The line holding "Cowboys Horses and Sunset Square Wall Clock" is the last one to output; start at the first line of the data, keep every line in between exactly, and leave out pictures.

──────── Records ────────

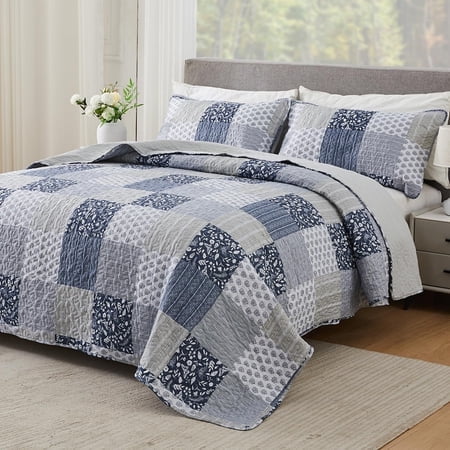 Cozyholy Navy Blue Gray Oversized King Quilt Set 128x120, 3 Piece Quilted Bedspread Set Patchwork Plaid Bedding Comforter Set Reversible Lightweight Microfiber Bed Spread Coverlet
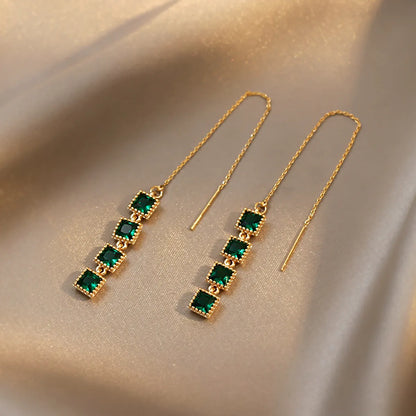 Simple Geometric Emerald Long Tassel Earrings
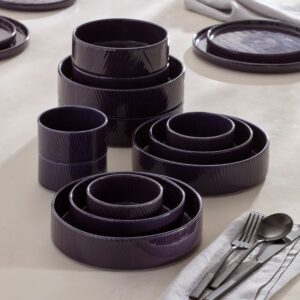 Textured Stackable Bowl Set, 12-Piece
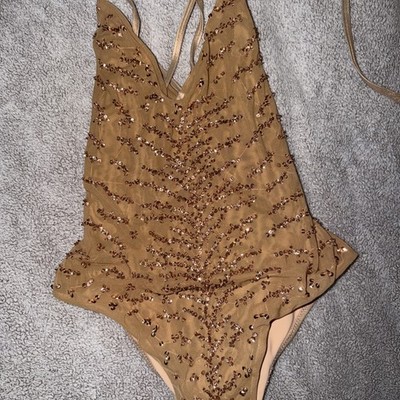 Beach Bunny swimwear 1piece, Gold,SiZe Small/Medium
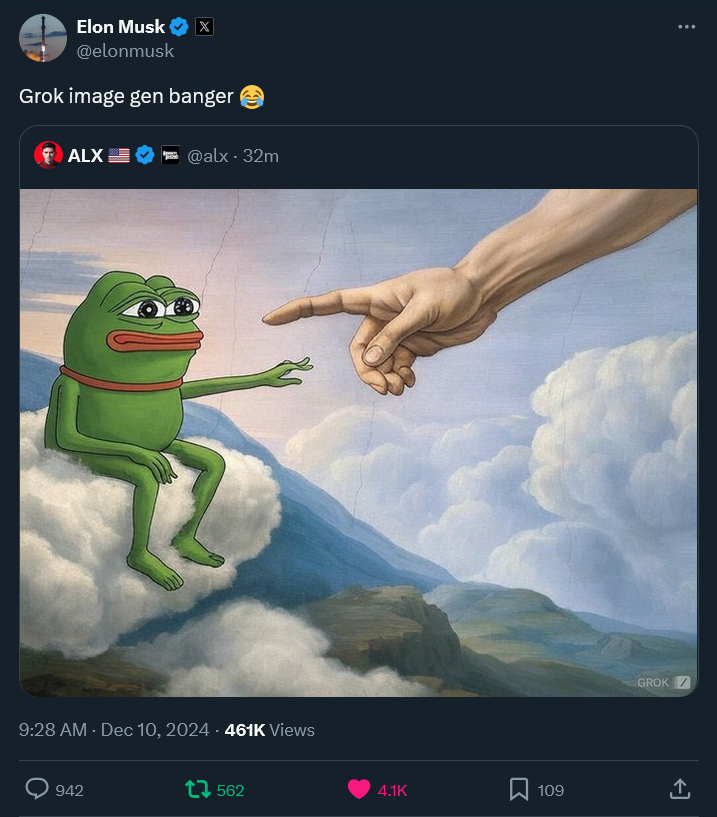 Plazma0x's tweet photo. ELON IS SCHIZO POSTING $PEPE https://t.co/KWnU1kCKoP
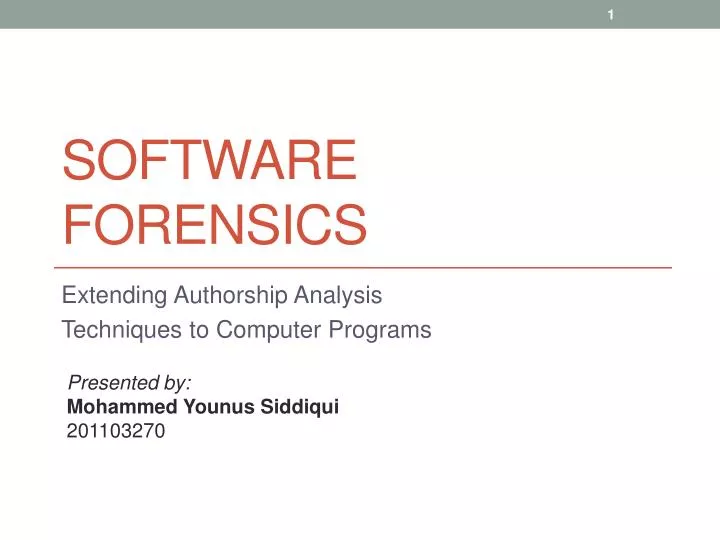 software forensics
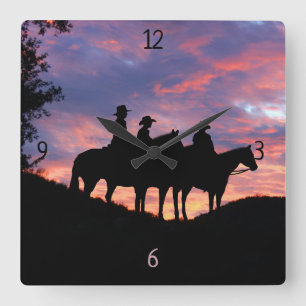 Cowboys Horses and Sunset Square Wall Clock
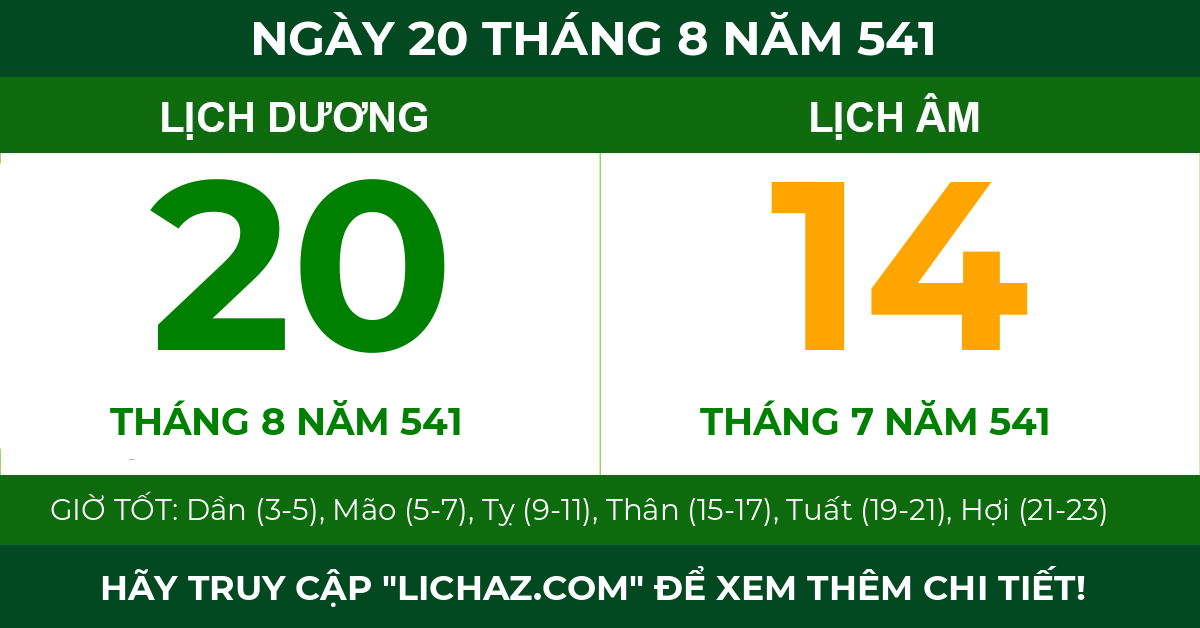 lịch âm ngày 20 tháng 8 năm 541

────────

Your solution:
 Cozyholy Navy Blue Gray Oversized King Quilt Set 128x120, 3 Piece Quilted Bedspread Set Patchwork Plaid Bedding Comforter Set Reversible Lightweight Microfiber Bed Spread Coverlet
 Simple Geometric Emerald Long Tassel Earrings
 Textured Stackable Bowl Set, 12-Piece
 Beach Bunny swimwear 1piece, Gold,SiZe Small/Medium
 Plazma0x's tweet photo. ELON IS SCHIZO POSTING $PEPE https://t.co/KWnU1kCKoP
 software forensics
 Cowboys Horses and Sunset Square Wall Clock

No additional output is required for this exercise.